■ BRIEF: In your output, repeat each entry exactly and include no pictures.

■ DATA FOR THE TASK:
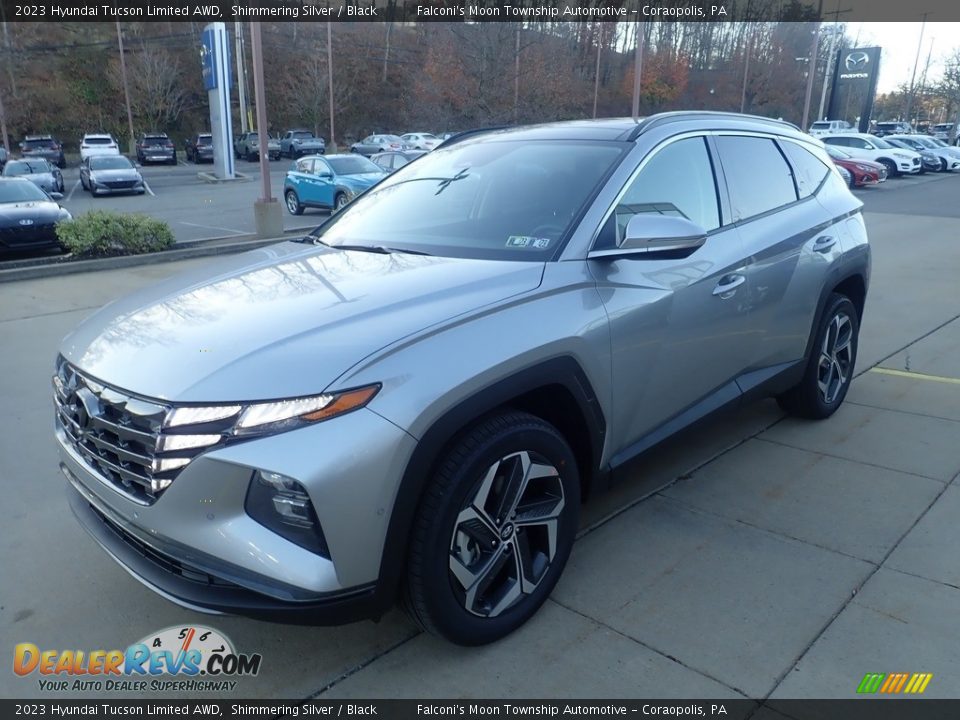 Front 3/4 View of 2023 Hyundai Tucson Limited AWD Photo #7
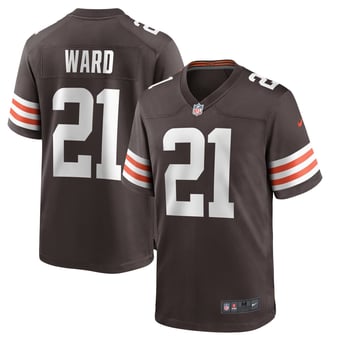 Cleveland Browns Nike Game Home Jersey - Brown - Denzel Ward - Mens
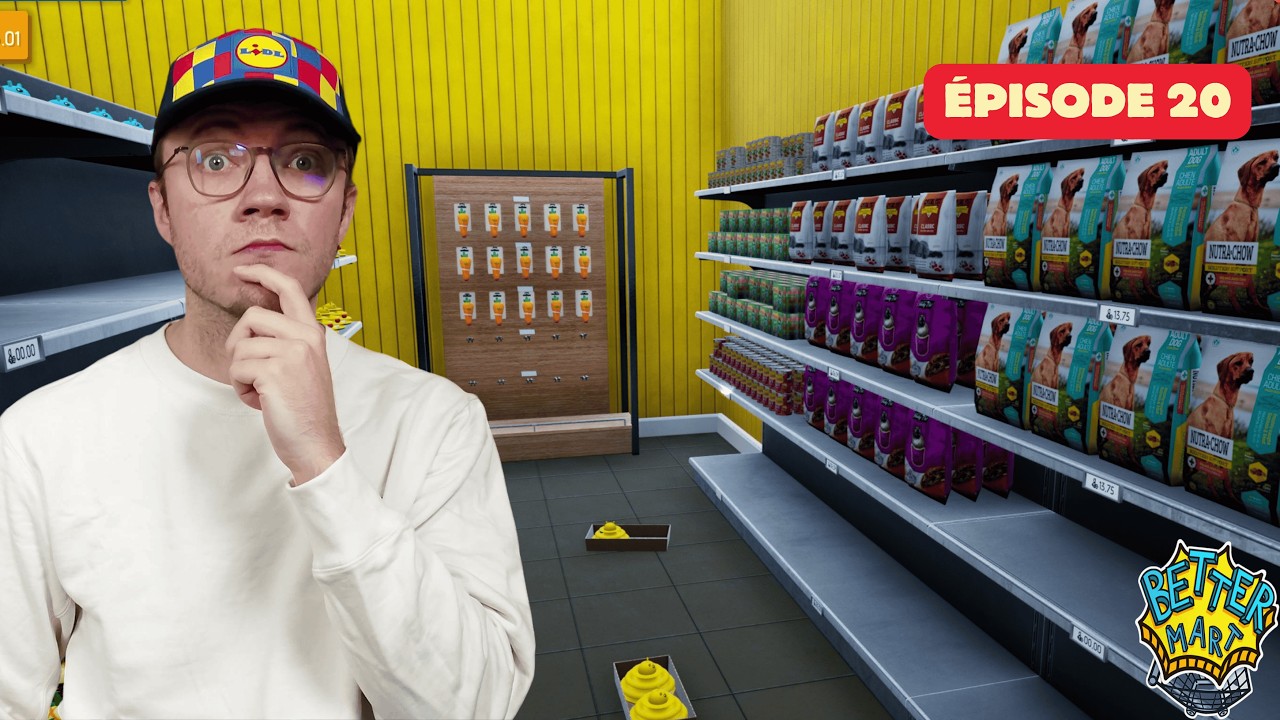 Bettermart Simulator — Better Mart : J'installe le rayon animaux et je découvre la nouvelle maj ! EP20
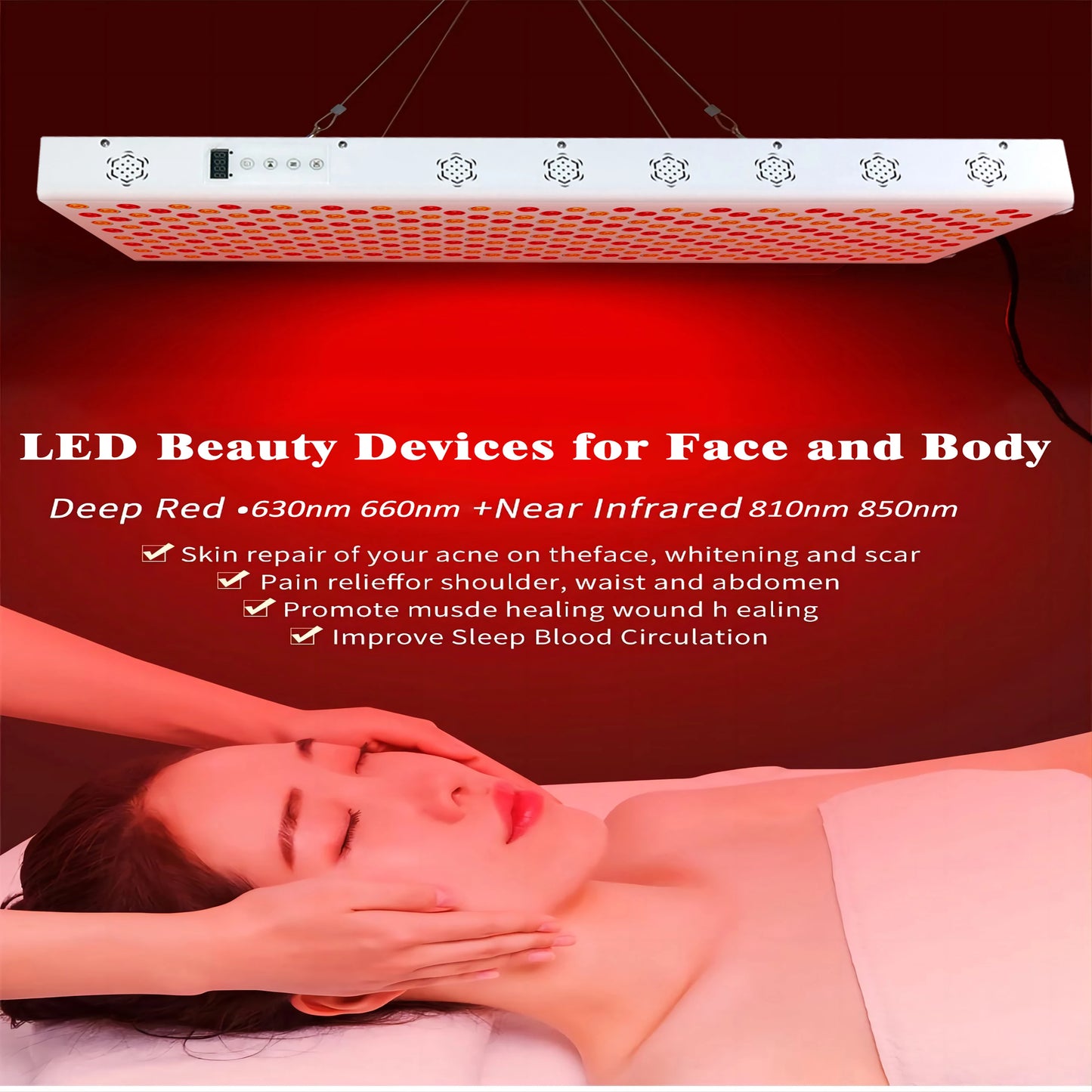 Dual Chip Red Light Therapy Panel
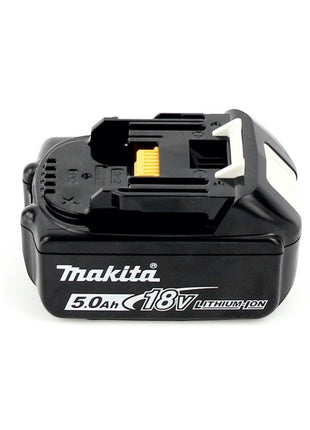 Makita DDF 458 T1J W Akku Bohrschrauber 18 V 91 Nm weiß + 1x Akku 5,0 Ah + Makpac - ohne Ladegerät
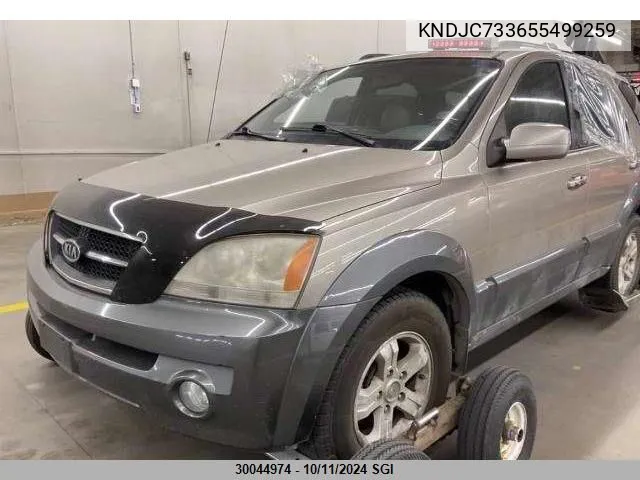 2005 Kia Sorento Ex/Lx VIN: KNDJC733655499259 Lot: 30044974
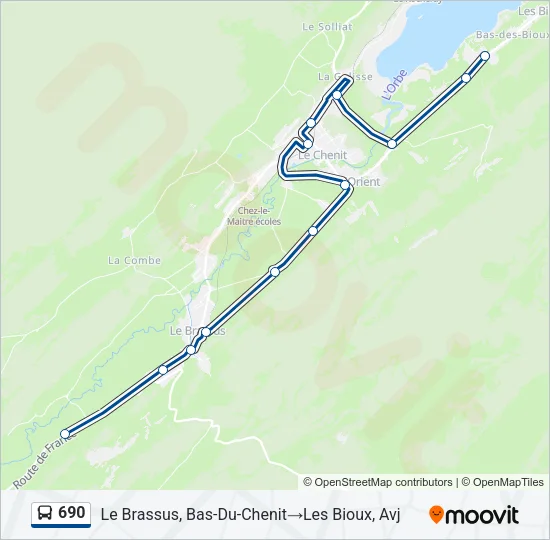 690 Bus Line Map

■ WRITTEN RESPONSE:
 Front 3/4 View of 2023 Hyundai Tucson Limited AWD Photo #7
 Cleveland Browns Nike Game Home Jersey - Brown - Denzel Ward - Mens
 Bettermart Simulator — Better Mart : J'installe le rayon animaux et je découvre la nouvelle maj ! EP20
 Dual Chip Red Light Therapy Panel
 Makita DDF 458 T1J W Akku Bohrschrauber 18 V 91 Nm weiß + 1x Akku 5,0 Ah + Makpac - ohne Ladegerät
 2005 Kia Sorento Ex/Lx VIN: KNDJC733655499259 Lot: 30044974
 690 Bus Line Map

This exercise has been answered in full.